- [Your goal]
Transcribe the listing underneath, keeping each word exact and omitting the images.

- [Data excerpt]
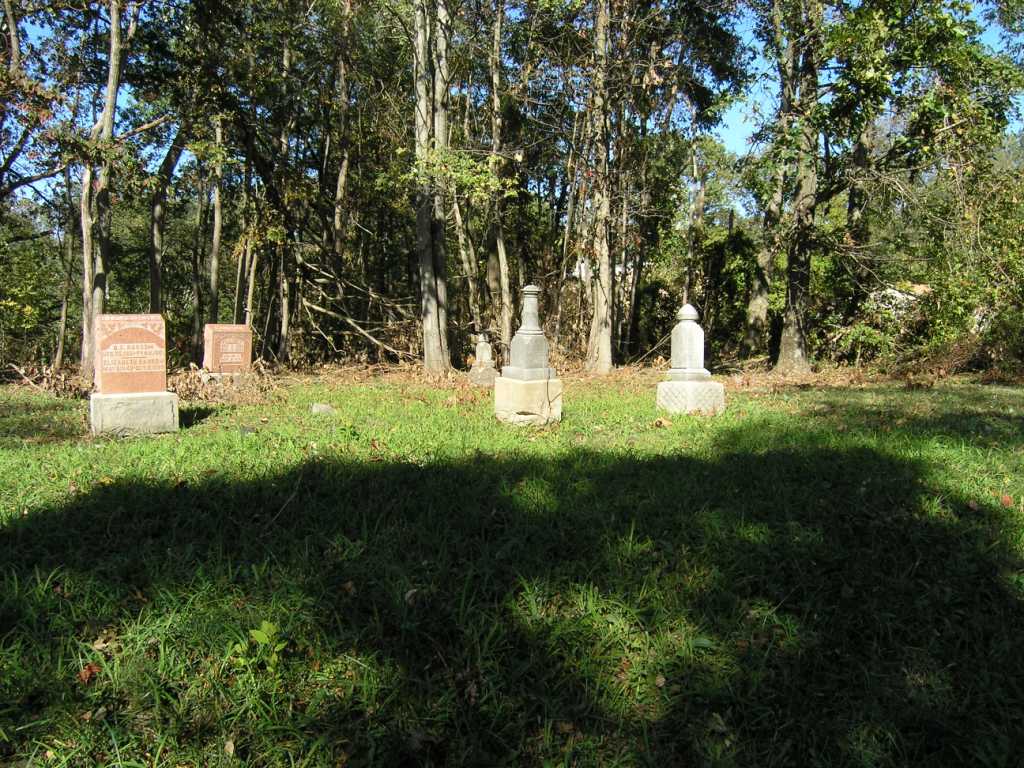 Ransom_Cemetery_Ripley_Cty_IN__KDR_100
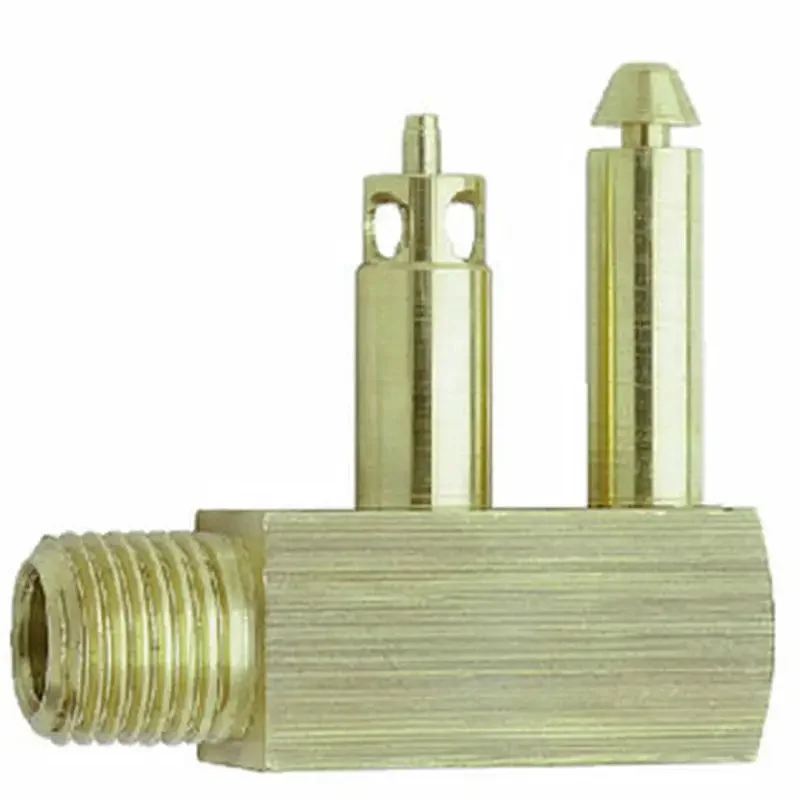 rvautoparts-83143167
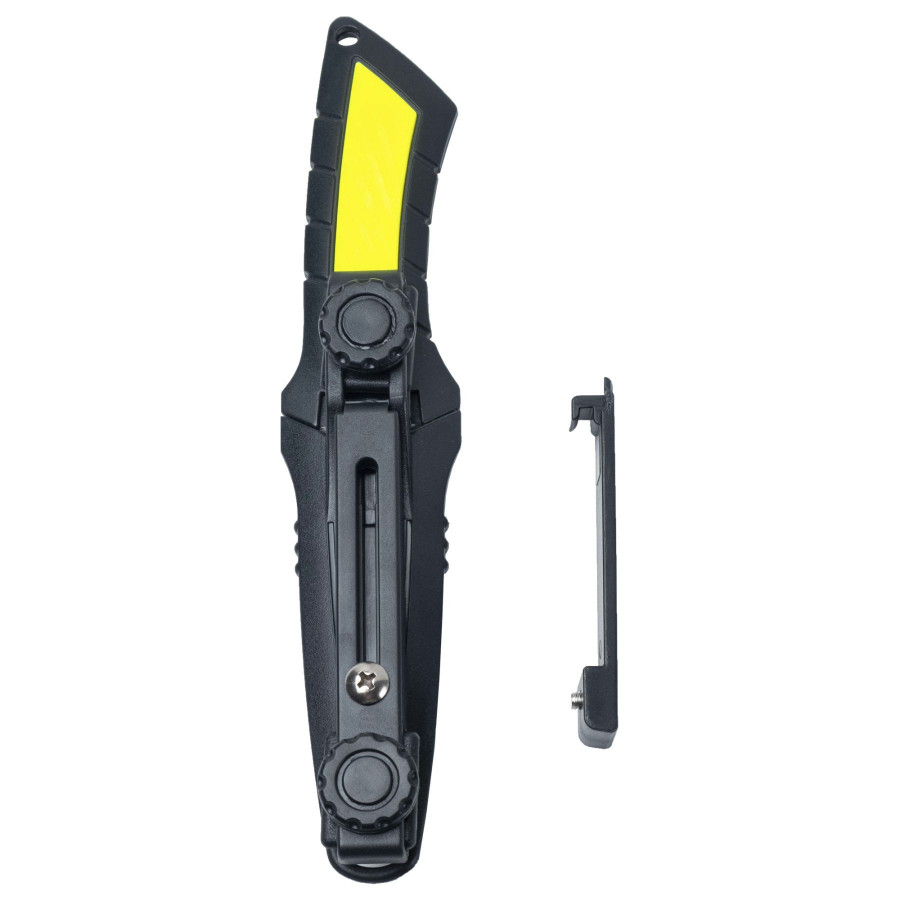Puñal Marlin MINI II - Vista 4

- [Answer section]
 Ransom_Cemetery_Ripley_Cty_IN__KDR_100
 rvautoparts-83143167
Puñal Marlin MINI II - Vista 4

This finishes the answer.